第5章 姫巫女と最初の友達
「ご、ごめんなさい。わたしも見てなくて……」
「いなくなっちゃった。僕から逃げてばかりいるんだ!」
ワッ…と泣き出した少年に、シオンは「泣かないで」と声を掛けた。
数秒、ジッ…と少年の顔を見つめたシオンは、ニコリと微笑む。
「大丈夫、すぐに見つかります。失せ物の相は確かに出てるけど……すぐに見つかるみたいですから。見かけたら、声を掛けますね」
優しく声を掛ければ、戸惑いながらも少年はしゃくり上げて頷いた。
小さく「ありがとう」と礼を言い、少年が出て行く。
「ほんとに見つかるの?」
ハリーが尋ねると、シオンが答えるより早く、どこからともなく月映が現れた。
『疑うか、ハリーよ。
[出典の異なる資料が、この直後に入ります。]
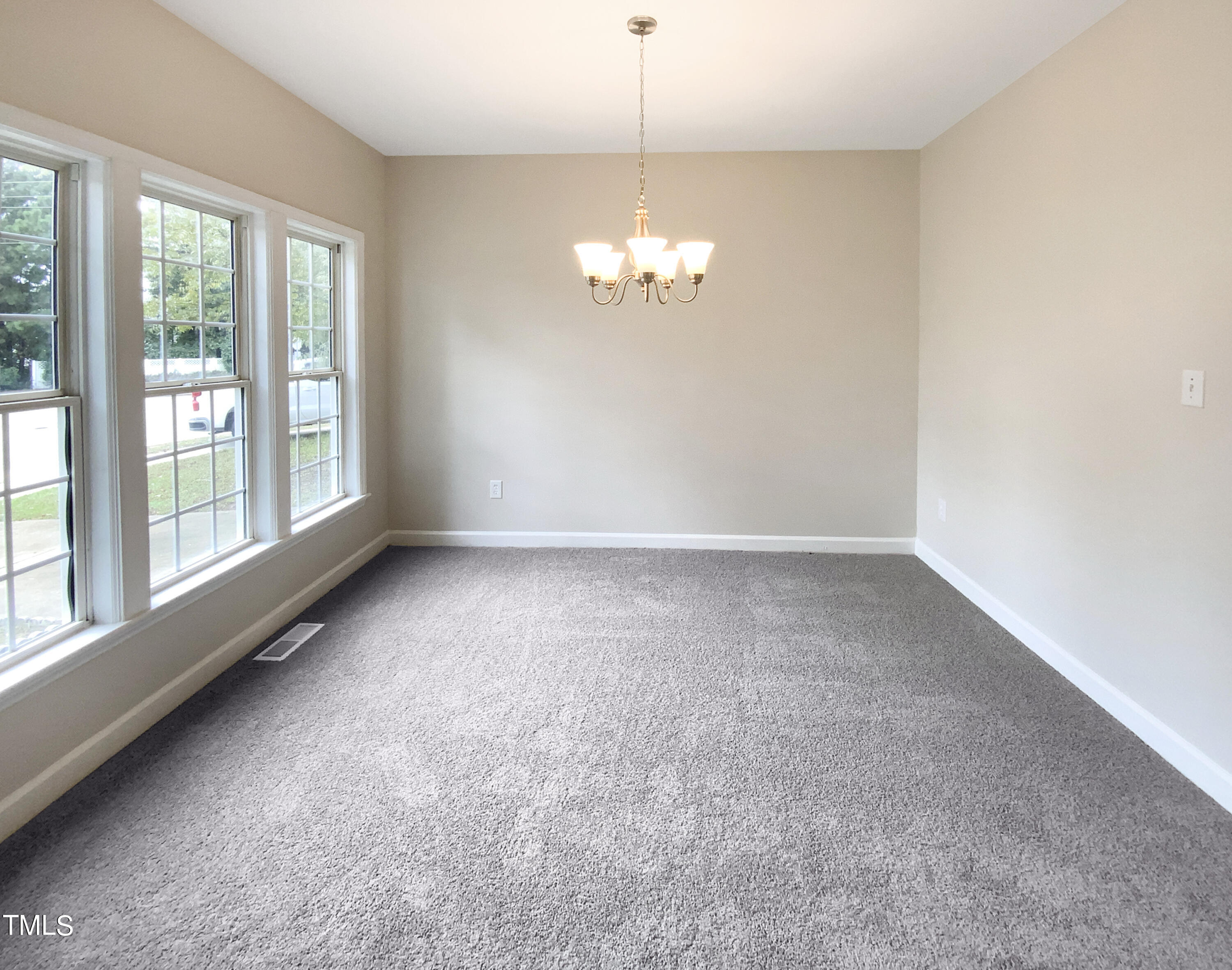5401 Neuse View Drive Raleigh, NC 27610 - Photo 12 of 24 listing_11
シオンの占(せん)は百発百中。シオンが断言したのだ。蛙の一匹や二匹、その辺からすぐ出てくるわ』
月映は得意げに語るが、出てくるのは一匹である。
すると、ロンが「でもさ」と切り出した。
「どうしてそんなに気にするのかなぁ? 僕がヒキガエルなんか持ってたら、なるべく早くなくしちゃいたいけどね」
『ロンよ、それは乱暴な考え方というもの。あの泣きべそ小僧にとっては、家族も同然だったのだろう。たとえ、それがヒキガエルだったとしてもな』
諭すような月映の口ぶりに、ロンはすぐに「そうだね」と頷く。
「僕もスキャバーズがいなくなったら、きっと大急ぎで探すよ」
そんなスキャバーズは、ロンの膝の上で眠り続けていた。
「そういえば、昨日、少しは面白くしてやろうと思って、黄色に変えようと魔法を使ったんだ」
「魔法?」
魔法と聞いて、ハリーが身を乗り出して興味を示す。
「うん。でも、呪文が効かなかった。やってみせようか――見てて」
ロンはトランクを引っかき回し、ボロボロの杖を取り出した。
端から何やら白いキラキラするものが見えている。